In recent decades, great advances in drug development have been made with the discovery and application of new therapeutic targets [1]. However, because many diseases are complex and involve multiple target genes, a single therapy cannot cure the disease completely. Moreover, drug resistance in many cases is a major barrier to effective treatment due to the complexity of the disease. To overcome the limitations of monotherapy, combination therapy is considered a promising approach to achieving better disease control. While high-throughput screening methods can be effective in speeding up the identification of synergistic drug combinations, the increasing number of drugs every year makes it expensive and time-consuming to rely solely on experiments to determine the effect of each possible drug combination [2]. So academics have begun to use methods in the field of statistics or computers to predict the most effective combination of drugs [3].
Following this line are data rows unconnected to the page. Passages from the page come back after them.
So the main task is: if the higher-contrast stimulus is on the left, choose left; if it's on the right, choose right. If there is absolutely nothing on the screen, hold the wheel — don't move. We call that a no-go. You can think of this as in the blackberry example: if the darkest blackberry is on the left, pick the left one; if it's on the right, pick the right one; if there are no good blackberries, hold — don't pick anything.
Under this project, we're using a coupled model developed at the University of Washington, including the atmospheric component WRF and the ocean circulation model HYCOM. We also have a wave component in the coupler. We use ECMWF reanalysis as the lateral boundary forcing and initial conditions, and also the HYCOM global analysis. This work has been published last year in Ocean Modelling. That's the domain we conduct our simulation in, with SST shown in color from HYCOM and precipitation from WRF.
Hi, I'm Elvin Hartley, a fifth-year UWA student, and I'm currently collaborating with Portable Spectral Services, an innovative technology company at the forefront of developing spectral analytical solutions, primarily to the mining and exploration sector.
Having a complete drug combination database is the primary condition for analyzing efficacy, so some scholars have collected various existing experimental data and summarized them into the database [4, 5]. And to better help others understand the relationship between drug resistance and drug signature attributes, they also provide visualization tools for drug combinations in the database [6,7,8]. With the support of databases, various technologies began to emerge. More and more machine learning techniques-based applications had been proposed from different aspects [9,10,11,12]. For example, Julkunen et al. [13] proposed comboFM, which modeled multidirectional interactions between cell lines and dose-response matrices of two drugs. Shi et al. [14] combined one-class SVM to design a two-layer multi-class classification system integrating five types of features that can discover potential drug pairs among unknown drugs. There are also some scholars use semi-supervised heterogeneous network algorithms based on graph embedding to predict the combination patterns of drugs [15]. However, these methods based on traditional machine learning often do not achieve better prediction results. To this end, some scholars have tried to give up interpretability in exchange for improved accuracy.
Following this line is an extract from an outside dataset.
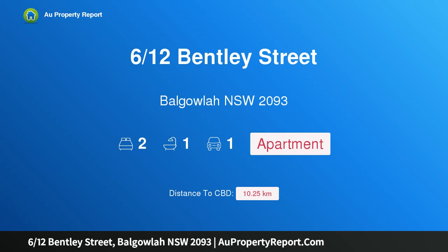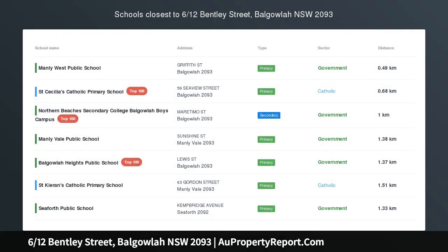Hi, I am glad to introduce property 612 Spentley Street, Balgallen, New South Wales, 2093.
DeepSynergy [16] which was constructed by a feed-forward neural network with two hidden layers is one of the early deep learning algorithms used in the drug combination. MatchMaker [17] which contained three neural subnetworks was proposed by Kuru et al. Both DeepSynergy and MatchMaker have been used to predict drug synergies in recent years and proved popular. There are many similar deep learning-based algorithms used in drug prediction, and they usually have good performance [18,19,20,21,22]. However, the hundreds of neurons and the complex network structure make their internal logic incomprehensible. People therefore unable to conclude whether the predictions given by these models in practical applications can be trusted, which is considered very dangerous.

In order to balance the performance and interpretability of the model, scholars have made many attempts, including the ensemble algorithm based on decision trees. This algorithm not only improves the model performance by means of ensemble, but also maintains the interpretability of the decision tree. That’s why our algorithmic framework uses this approach. In addition, to avoid the problem of reduced interpretability of knowledge after integration due to excessive depth of decision trees. We replace the binary splitting of traditional decision trees with multi-branched decision stump merging.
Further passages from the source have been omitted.